[Collection entries]
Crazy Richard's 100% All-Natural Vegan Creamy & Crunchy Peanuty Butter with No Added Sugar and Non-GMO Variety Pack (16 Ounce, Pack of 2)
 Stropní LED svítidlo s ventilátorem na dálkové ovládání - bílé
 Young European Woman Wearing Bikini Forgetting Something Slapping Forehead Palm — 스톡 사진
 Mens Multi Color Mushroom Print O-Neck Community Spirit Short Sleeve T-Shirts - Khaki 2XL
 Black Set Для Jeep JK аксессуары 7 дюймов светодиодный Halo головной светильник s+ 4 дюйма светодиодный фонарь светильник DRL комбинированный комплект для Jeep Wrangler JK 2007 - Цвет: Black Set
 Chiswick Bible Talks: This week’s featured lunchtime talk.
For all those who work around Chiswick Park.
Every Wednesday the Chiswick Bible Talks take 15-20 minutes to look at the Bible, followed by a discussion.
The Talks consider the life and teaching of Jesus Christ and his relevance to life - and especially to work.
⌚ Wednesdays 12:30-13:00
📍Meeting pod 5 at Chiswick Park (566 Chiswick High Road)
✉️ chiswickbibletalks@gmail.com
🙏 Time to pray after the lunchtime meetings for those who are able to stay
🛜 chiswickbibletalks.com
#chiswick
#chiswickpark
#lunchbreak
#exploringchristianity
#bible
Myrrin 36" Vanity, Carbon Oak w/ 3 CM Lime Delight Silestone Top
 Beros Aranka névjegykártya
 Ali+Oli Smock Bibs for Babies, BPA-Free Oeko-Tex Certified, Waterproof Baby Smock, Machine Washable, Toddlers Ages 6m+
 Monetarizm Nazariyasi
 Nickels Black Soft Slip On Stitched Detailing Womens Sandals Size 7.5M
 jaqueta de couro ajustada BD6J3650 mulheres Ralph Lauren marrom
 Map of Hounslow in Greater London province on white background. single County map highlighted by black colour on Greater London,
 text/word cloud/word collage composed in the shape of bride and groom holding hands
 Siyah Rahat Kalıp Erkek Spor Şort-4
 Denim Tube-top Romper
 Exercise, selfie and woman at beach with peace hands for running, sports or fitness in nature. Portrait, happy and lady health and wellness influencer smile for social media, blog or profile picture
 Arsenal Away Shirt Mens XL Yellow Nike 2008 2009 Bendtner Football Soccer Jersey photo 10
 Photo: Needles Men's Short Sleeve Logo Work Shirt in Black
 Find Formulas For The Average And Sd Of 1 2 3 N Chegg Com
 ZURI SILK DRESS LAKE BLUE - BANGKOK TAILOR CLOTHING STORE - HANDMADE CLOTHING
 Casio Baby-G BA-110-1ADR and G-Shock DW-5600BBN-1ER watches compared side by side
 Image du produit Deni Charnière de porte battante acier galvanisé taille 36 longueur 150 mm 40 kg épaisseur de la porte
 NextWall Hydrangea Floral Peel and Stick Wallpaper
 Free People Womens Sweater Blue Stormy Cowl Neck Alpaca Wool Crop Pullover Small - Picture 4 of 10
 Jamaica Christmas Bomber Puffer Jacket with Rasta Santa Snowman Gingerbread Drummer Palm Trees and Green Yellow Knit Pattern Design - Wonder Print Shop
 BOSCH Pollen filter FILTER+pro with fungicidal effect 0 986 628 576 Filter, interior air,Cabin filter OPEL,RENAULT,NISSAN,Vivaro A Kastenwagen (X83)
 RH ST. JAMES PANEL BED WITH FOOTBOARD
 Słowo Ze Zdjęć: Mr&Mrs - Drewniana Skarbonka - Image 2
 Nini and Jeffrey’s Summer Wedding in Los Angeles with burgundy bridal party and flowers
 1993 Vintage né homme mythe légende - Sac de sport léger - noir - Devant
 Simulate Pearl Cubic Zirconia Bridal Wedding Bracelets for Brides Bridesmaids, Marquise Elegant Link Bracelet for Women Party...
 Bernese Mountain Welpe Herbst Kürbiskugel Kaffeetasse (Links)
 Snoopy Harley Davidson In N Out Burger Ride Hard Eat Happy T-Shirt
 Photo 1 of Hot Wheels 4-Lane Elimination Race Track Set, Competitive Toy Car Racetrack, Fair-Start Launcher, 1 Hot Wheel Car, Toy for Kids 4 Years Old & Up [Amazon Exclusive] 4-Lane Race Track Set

What to do:
In the entries above, restate word for word the lines between the one holding "Chiswick High Road)" and the one holding "Free People Womens", inclusive, and nothing besides.

Solution to this task:
📍Meeting pod 5 at Chiswick Park (566 Chiswick High Road)
✉️ chiswickbibletalks@gmail.com
🙏 Time to pray after the lunchtime meetings for those who are able to stay
🛜 chiswickbibletalks.com
#chiswick
#chiswickpark
#lunchbreak
#exploringchristianity
#bible
Myrrin 36" Vanity, Carbon Oak w/ 3 CM Lime Delight Silestone Top
 Beros Aranka névjegykártya
 Ali+Oli Smock Bibs for Babies, BPA-Free Oeko-Tex Certified, Waterproof Baby Smock, Machine Washable, Toddlers Ages 6m+
 Monetarizm Nazariyasi
 Nickels Black Soft Slip On Stitched Detailing Womens Sandals Size 7.5M
 jaqueta de couro ajustada BD6J3650 mulheres Ralph Lauren marrom
 Map of Hounslow in Greater London province on white background. single County map highlighted by black colour on Greater London,
 text/word cloud/word collage composed in the shape of bride and groom holding hands
 Siyah Rahat Kalıp Erkek Spor Şort-4
 Denim Tube-top Romper
 Exercise, selfie and woman at beach with peace hands for running, sports or fitness in nature. Portrait, happy and lady health and wellness influencer smile for social media, blog or profile picture
 Arsenal Away Shirt Mens XL Yellow Nike 2008 2009 Bendtner Football Soccer Jersey photo 10
 Photo: Needles Men's Short Sleeve Logo Work Shirt in Black
 Find Formulas For The Average And Sd Of 1 2 3 N Chegg Com
 ZURI SILK DRESS LAKE BLUE - BANGKOK TAILOR CLOTHING STORE - HANDMADE CLOTHING
 Casio Baby-G BA-110-1ADR and G-Shock DW-5600BBN-1ER watches compared side by side
 Image du produit Deni Charnière de porte battante acier galvanisé taille 36 longueur 150 mm 40 kg épaisseur de la porte
 NextWall Hydrangea Floral Peel and Stick Wallpaper
 Free People Womens Sweater Blue Stormy Cowl Neck Alpaca Wool Crop Pullover Small - Picture 4 of 10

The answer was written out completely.